## Directions for this task
Make an exact copy of the lines from the one containing "Trimbakeshwar Jyotirlinga temple" through the end of the records below, and leave out every picture.

## Records drawn from a dataset
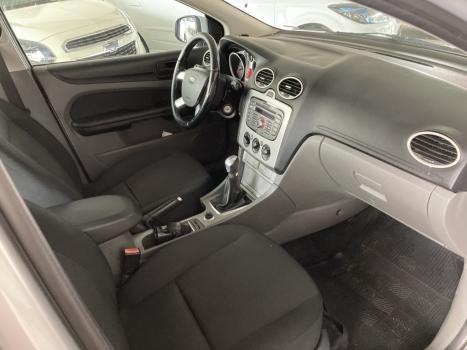 FORD Focus Hatch 1.6 4P FLEX GL, Foto 6 FORD Focus Hatch 1.6 4P FLEX GL, Foto 6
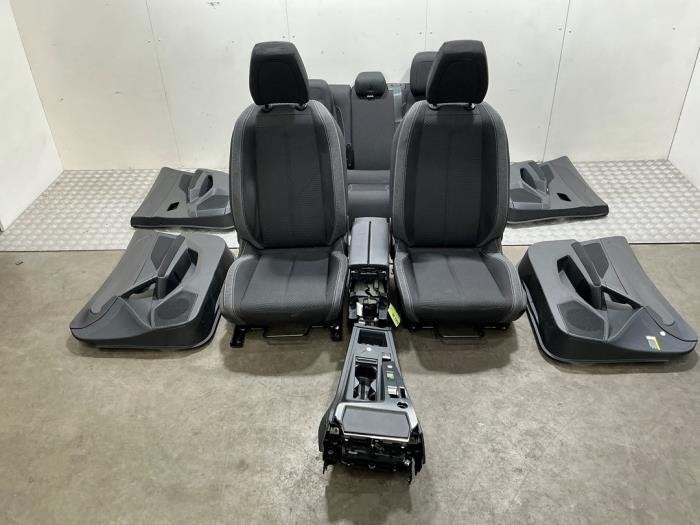 Bekleding Set (compleet) van een Peugeot 308 (308 21-), Auto-onderdelen, 12 maanden garantie, Gebruikt, -, -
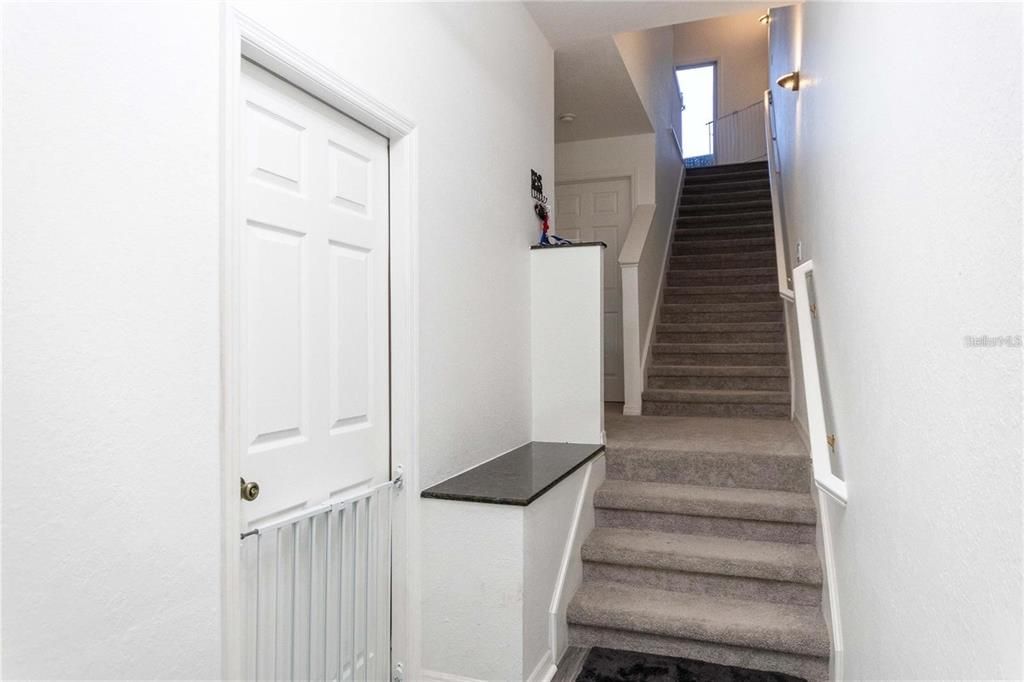 Active With Contract: $2,900 (4 beds, 3 baths, 2604 Square Feet)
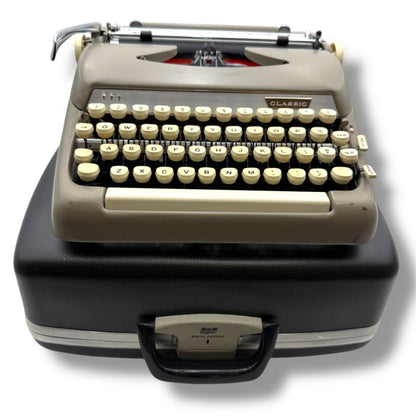 Toronto Typewriters Manual Typewriter Smith-Corona Classic Typewriter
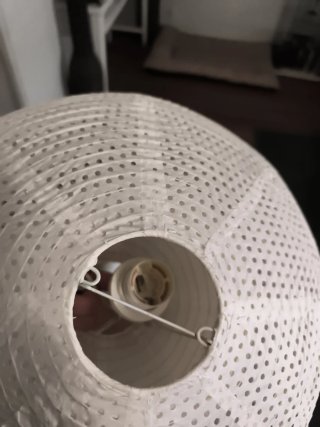 Lámpara de papel blanca Ikea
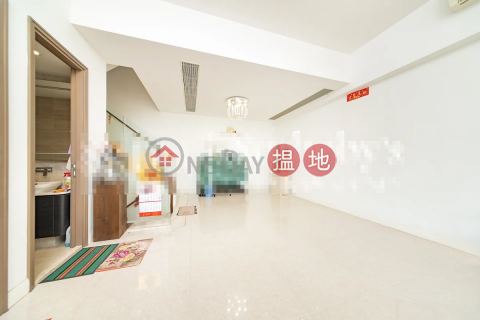 1600 SQUARE FEET 3 STOREY HOUSE IN YUEN LONG WITH GARDEN, TERRACE AND ROOFTOP WITH 1 CARPARK | La Mansion 娉廷 _0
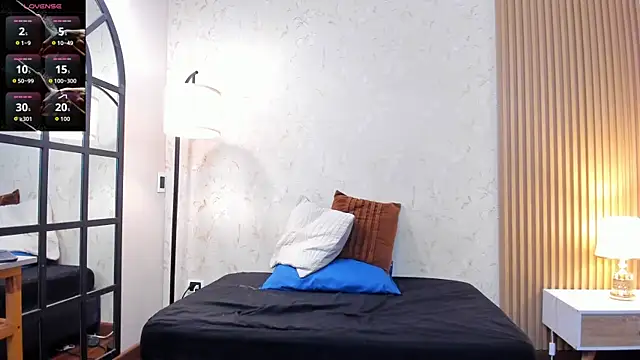 sophiahart online show from 06/14/26, 12:18
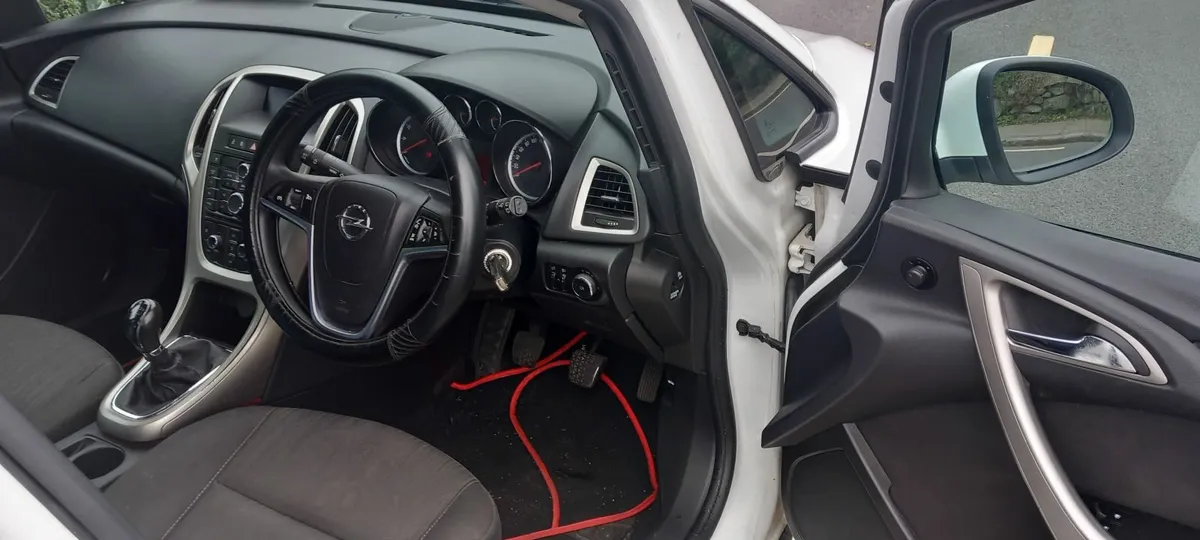 Opel Astra 2011 - Image 4
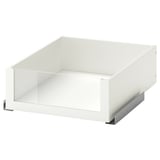 En vit KOMPLEMENT-låda med glasfront, med en elegant modern design för enkel åtkomst till förvaring, med stöd av metallskenor.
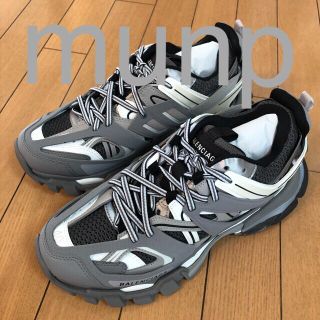 バレンシアガ(BALENCIAGA)のBalenciaga track 40 バレンシアガ トラック(スニーカー)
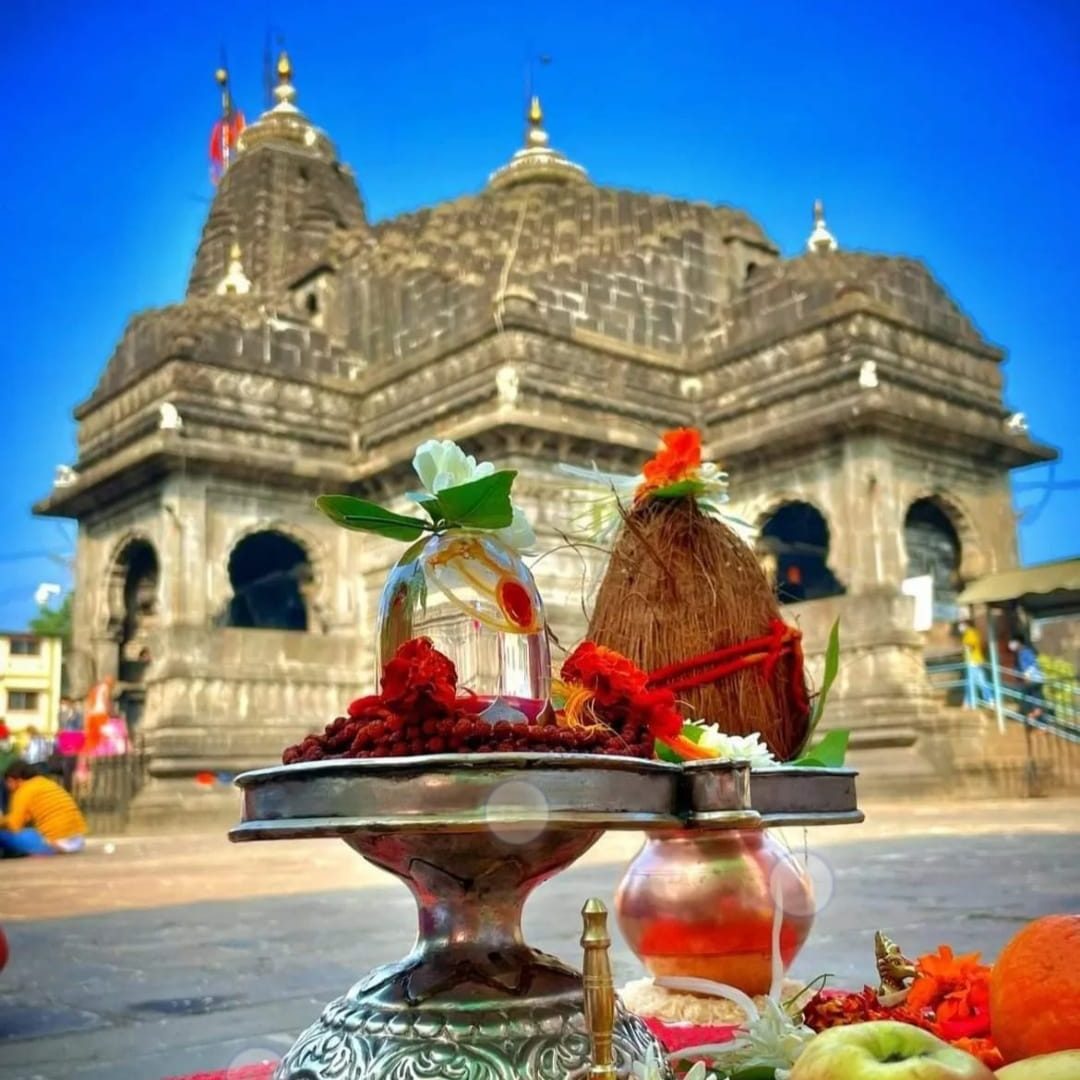 Trimbakeshwar Jyotirlinga temple puja setup kalash coconut Shiv puja Nashik Maharashtra India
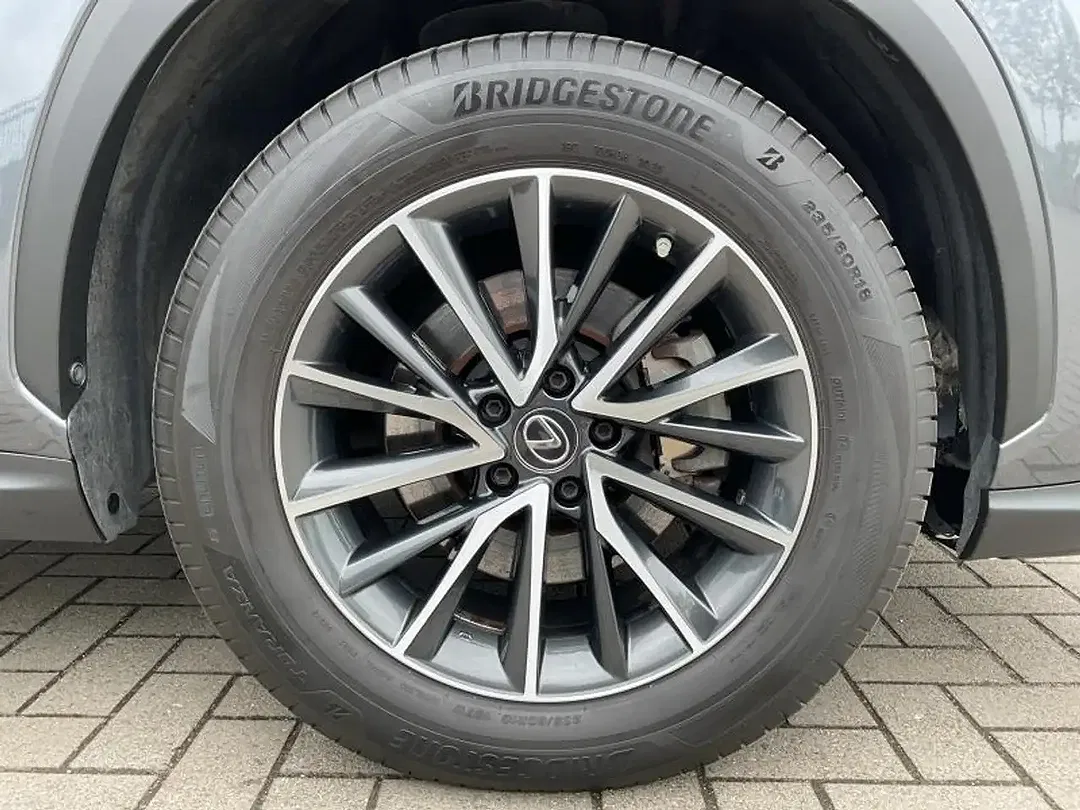 Lexus NX 350h Executive Line - Thumbnail 13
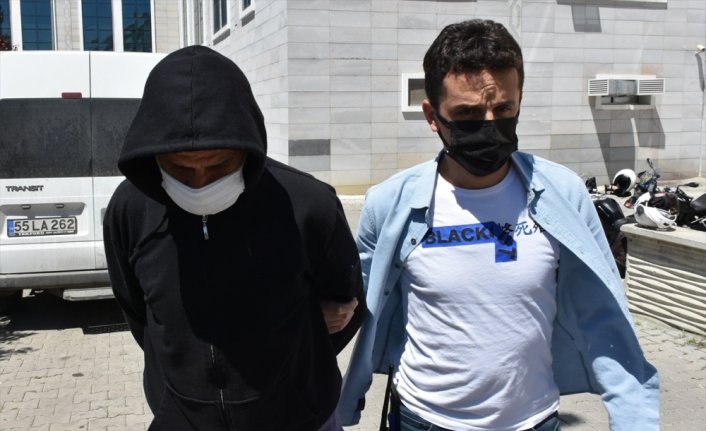 Samsun'da kendisini filyasyon ekibi görevlisi olarak tanıtarak hırsızlık yaptığı iddia edilen zanlı yakalandı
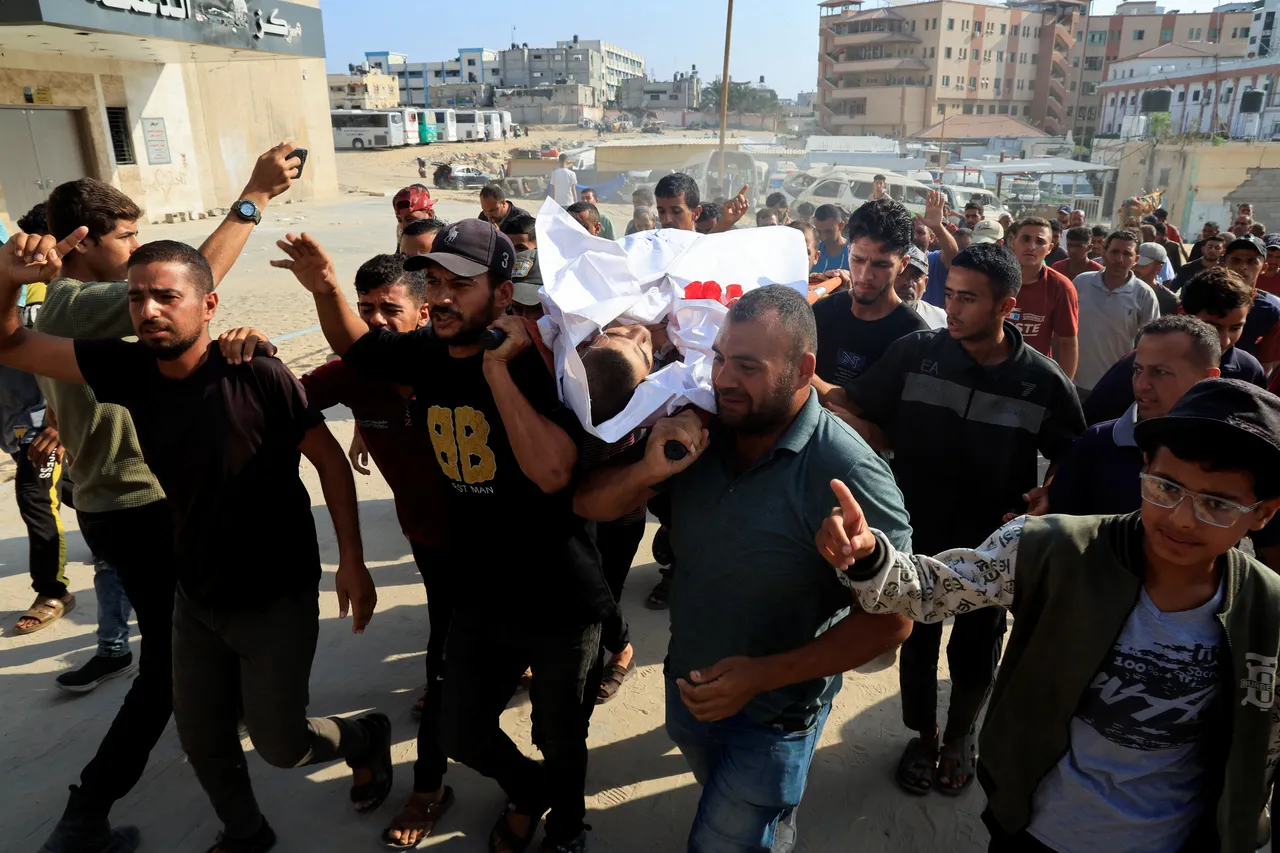 Девет Палестинци загинаа во Газа во новите израелски напади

## Result of the exercise
 Trimbakeshwar Jyotirlinga temple puja setup kalash coconut Shiv puja Nashik Maharashtra India
 Lexus NX 350h Executive Line - Thumbnail 13
 Samsun'da kendisini filyasyon ekibi görevlisi olarak tanıtarak hırsızlık yaptığı iddia edilen zanlı yakalandı
 Девет Палестинци загинаа во Газа во новите израелски напади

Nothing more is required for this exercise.